La démocratie sud-coréenne a refusé de se laisser abattre. Au cœur de la nuit du mardi 3 au mercredi 4 décembre, 190 députés de la majorité comme de l’opposition, soutenus par une foule en colère, massée devant une Assemblée nationale cernée de policiers et de militaires, ont rejeté à l’unanimité la loi martiale décrétée quelques heures plus tôt par le président conservateur, Yoon Suk Yeol. M. Yoon a accepté la décision et clôturé piteusement sa tentative de coup de force, qui a vu la Corée du Sud renouer pendant quelques heures avec le cauchemar du temps des dictatures, qu’elle croyait révolu depuis près de quarante ans.
La dernière fois que la loi martiale avait été imposée, c’était en 1980 à Gwangju (Sud). Sur ordre du président autoritaire Chun Doo-hwan (1980-1987), les parachutistes avaient violemment réprimé un mouvement favorable à la démocratie. L’opération avait fait des centaines de morts.
Admettant sa défaite, M. Yoon a réitéré son appel à l’Assemblée nationale pour qu’elle mette fin aux activités « scandaleuses » qui, selon lui, paralysent les fonctions gouvernementales. Le président, confronté à des manifestations, est désormais menacé de destitution. Ses principaux collaborateurs, dont son chef de cabinet, Chung Jin-suk, et son conseiller à la sécurité nationale, Shin Won-sik, ont présenté leur démission.
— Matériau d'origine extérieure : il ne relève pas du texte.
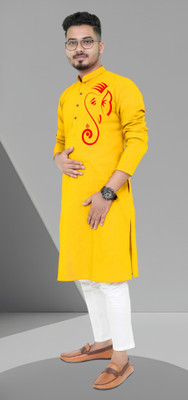 M Biswas Men Printed Straight Kurta(Yellow)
L’état-major a renvoyé la troupe dans ses baraquements.
L’Etat de droit a prévalu et l’affaire s’est terminée, sans incident majeur, après six heures de vives tensions dans la capitale sud-coréenne. « Nous sommes soulagés que le président Yoon soit revenu sur sa déclaration et qu’il ait respecté le vote de l’Assemblée nationale, a réagi Washington. La démocratie est à la base de l’alliance entre les Etats-Unis et la Corée du Sud, et nous continuerons à suivre l’évolution de la situation. »
Munitions réelles
M. Yoon avait déclaré la loi martiale le mardi 3 décembre à 22 h 25 depuis le bureau présidentiel du quartier de Yongsan, à Séoul. « La République de Corée [nom officiel de la Corée du Sud] est comme une bougie dans le vent ; elle peut s’éteindre à tout moment. Je déclare la loi martiale pour la protéger des menaces des forces communistes nord-coréennes, pour éradiquer les forces antiétatiques pro-nord-coréennes qui détruisent de manière éhontée la liberté et le bonheur de notre peuple, et pour protéger notre ordre constitutionnel libre », a-t-il justifié. Il a reproché à l’opposition parlementaire de s’opposer à son projet de budget et d’avoir voté la destitution du directeur du Conseil d’audit et d’inspection.